Supplied material:
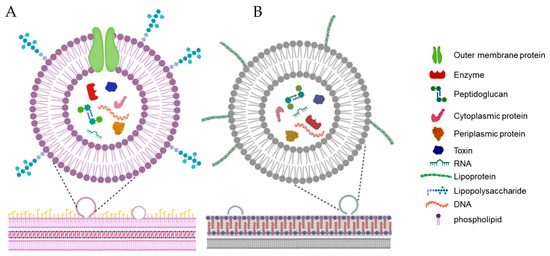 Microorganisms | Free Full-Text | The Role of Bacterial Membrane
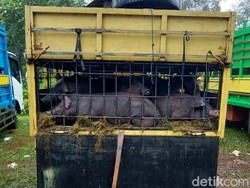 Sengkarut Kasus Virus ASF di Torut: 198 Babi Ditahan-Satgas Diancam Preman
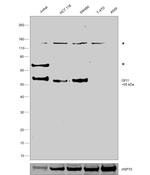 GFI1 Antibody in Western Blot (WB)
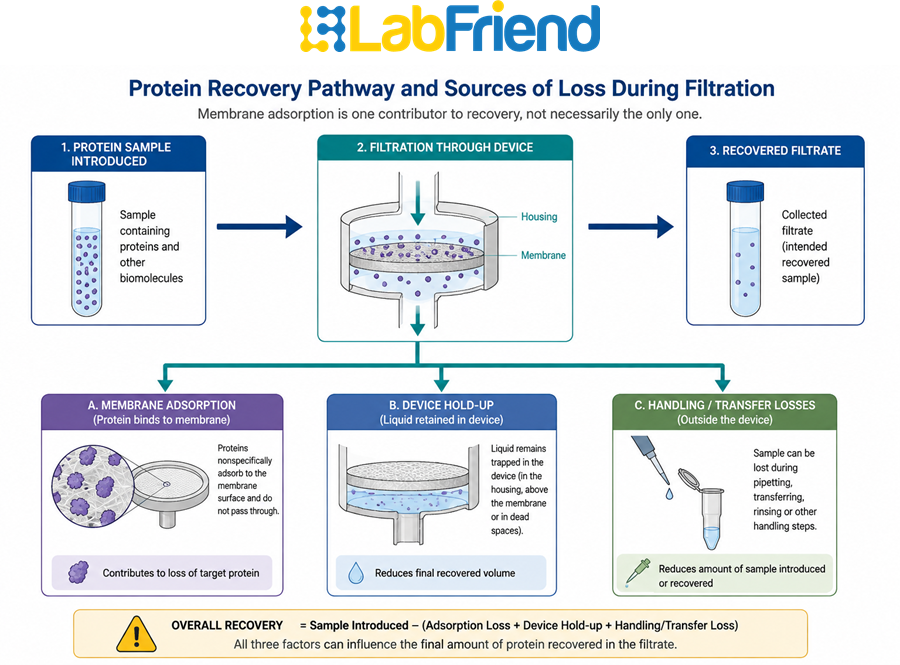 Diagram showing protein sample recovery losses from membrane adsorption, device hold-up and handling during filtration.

Problem statement: Set down word for word, from the line that contains "GFI1 Antibody in Western Blot (WB)" to the end of the listing above, every line and no picture.

Finished task:
 GFI1 Antibody in Western Blot (WB)
 Diagram showing protein sample recovery losses from membrane adsorption, device hold-up and handling during filtration.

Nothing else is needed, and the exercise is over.